March 18, 2026
Cloudy with a chance of oops
Federal Cyber Experts Called Microsoft's Cloud "A Pile of Shit", yet Approved It
Feds called it trash, stamped it anyway — commenters yell “too big to fail”
TLDR: Despite severe doubts and messy documentation, the government okayed Microsoft’s GCC High cloud for sensitive data after agencies had already started using it. Commenters are split between outrage at a “too big to fail” rubber stamp and weary pragmatism that everything’s broken but still running — and that’s terrifying.
The internet is howling after a bombshell ProPublica scoop: government cyber reviewers said Microsoft’s special government cloud, GCC High, was so poorly explained that one called the security package “a pile of shit” — and then the government approved it anyway. FedRAMP — the program that’s supposed to be the federal seal of safety — signed off with a “buyer beware” vibe, even as Microsoft celebrated with a “BOOM SHAKA LAKA” meme straight out of Wolf of Wall Street. Subtle, right?
Commenters are split between rage and resignation. One camp is screaming “too big to fail”, pointing to Microsoft’s past high‑profile hacks and calling this a classic case of government bending the knee to a tech giant. Another crowd says the quiet part out loud: the cloud is messy, everything’s on fire, and agencies were already using GCC High during the review, so approval felt inevitable. There’s also a spicy theory that the rules were written so only Microsoft could win — which is why, as one commenter snarked, “the Pentagon runs Windows.”

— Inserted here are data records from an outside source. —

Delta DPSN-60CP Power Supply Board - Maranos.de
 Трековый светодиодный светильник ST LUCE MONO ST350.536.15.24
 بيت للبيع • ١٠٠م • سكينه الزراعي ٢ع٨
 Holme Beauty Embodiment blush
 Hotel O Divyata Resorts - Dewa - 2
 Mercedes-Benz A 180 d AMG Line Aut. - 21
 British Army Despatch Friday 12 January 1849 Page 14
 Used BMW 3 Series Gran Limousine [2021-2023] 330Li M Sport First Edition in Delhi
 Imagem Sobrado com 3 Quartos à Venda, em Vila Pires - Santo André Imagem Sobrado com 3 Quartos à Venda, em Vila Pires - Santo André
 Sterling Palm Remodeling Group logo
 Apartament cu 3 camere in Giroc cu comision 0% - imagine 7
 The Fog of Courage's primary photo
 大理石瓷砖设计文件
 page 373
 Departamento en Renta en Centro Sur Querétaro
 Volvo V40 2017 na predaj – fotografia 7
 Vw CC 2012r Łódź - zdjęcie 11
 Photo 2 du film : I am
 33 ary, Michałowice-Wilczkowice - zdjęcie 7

The jokes wrote themselves: “cloud first, trust later,” “buyer beware labels on parachutes,” and memes dunking on a security sign‑off that reads like a shrug. Underneath the snark is a very real panic: this isn’t about nerd drama — it’s about whether the tools guarding U.S. secrets are being vetted or rubber‑stamped.
Key Points
- •FedRAMP authorized Microsoft’s GCC High for sensitive federal data despite years of unresolved security concerns and incomplete documentation.
- •Internal evaluators reported a lack of detailed security documentation, undermining confidence in assessing GCC High’s security.
- •Reviewers said Microsoft failed to fully explain how it protects sensitive information as it moves across cloud infrastructure.
- •Microsoft products were implicated in two major cyber incidents involving Russian and Chinese intrusions into U.S. government systems.
- •FedRAMP issued a “buyer beware” advisory with the authorization; third‑party assessors are paid by the vendors they evaluate, posing a conflict risk.